This month, the Oxford University Press releases “Rethinking the Scottish Revolution: Covenanted Scotland, 1637-51,” by Laura A.M. Stewart (University of London). The publisher’s description follows:
The English revolution is one of the most intensely-debated events in history; parallel events in Scotland have never attracted the same degree of interest. Rethinking the Scottish Revolution argues for a new interpretation of the seventeenth-century Scottish revolution that goes beyond questions about its radicalism, and reconsiders its place within an overarching ‘British’ narrative.
In this volume, Laura Stewart analyses how interactions between print and manuscript polemic, crowds, and political performances enabled protestors against a Prayer Book to destroy Charles I’s Scottish government. Particular attention is given to the way in which debate in Scotland was affected by the emergence of London as a major publishing centre.
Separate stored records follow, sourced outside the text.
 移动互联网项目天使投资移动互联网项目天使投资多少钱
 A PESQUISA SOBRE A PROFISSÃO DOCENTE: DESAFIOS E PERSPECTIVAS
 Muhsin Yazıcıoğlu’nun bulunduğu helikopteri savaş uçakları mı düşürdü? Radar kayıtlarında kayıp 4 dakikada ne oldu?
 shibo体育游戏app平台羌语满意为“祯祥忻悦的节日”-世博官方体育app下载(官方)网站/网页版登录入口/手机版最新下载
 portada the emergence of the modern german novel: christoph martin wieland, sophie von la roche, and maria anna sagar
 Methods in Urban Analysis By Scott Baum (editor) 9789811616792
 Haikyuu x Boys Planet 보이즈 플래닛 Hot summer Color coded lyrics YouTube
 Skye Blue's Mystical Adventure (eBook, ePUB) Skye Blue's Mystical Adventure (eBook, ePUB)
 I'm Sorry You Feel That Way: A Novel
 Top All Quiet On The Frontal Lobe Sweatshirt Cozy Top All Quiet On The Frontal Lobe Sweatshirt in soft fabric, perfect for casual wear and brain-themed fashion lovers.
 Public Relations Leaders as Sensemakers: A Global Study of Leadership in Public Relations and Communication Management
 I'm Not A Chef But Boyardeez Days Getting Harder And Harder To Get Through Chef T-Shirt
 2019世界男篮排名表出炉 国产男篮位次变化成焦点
The subscription of the 1638 National Covenant occurred within this context and further politicized subordinate social groups that included women. Unlike in England, however, public debate was contained. A remodelled constitution revivified the institutions of civil and ecclesiastical governance, enabling Covenanted Scotland to pursue interventionist policies in Ireland and England – albeit at terrible cost to the Scottish people.
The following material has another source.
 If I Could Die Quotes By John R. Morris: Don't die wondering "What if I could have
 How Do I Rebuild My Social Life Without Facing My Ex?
War transformed the nature of state power in Scotland, but this achievement was contentious and fragile. A key weakness lay in the separation of ecclesiastical and civil authority, which justified for some a strictly conditional understanding of obedience to temporal authority. Rethinking the Scottish Revolution explores challenges to legitimacy of the Covenanted constitution, but qualifies the idea that Scotland was set on a course to destruction as a result. Covenanted government was overthrown by the new model army in 1651, but its ideals persisted. In Scotland as well as England, the language of liberty, true religion, and the public interest had justified resistance to Charles I. The Scottish revolution embedded a distinctive and durable political culture that ultimately proved resistant to assimilation into the nascent British state.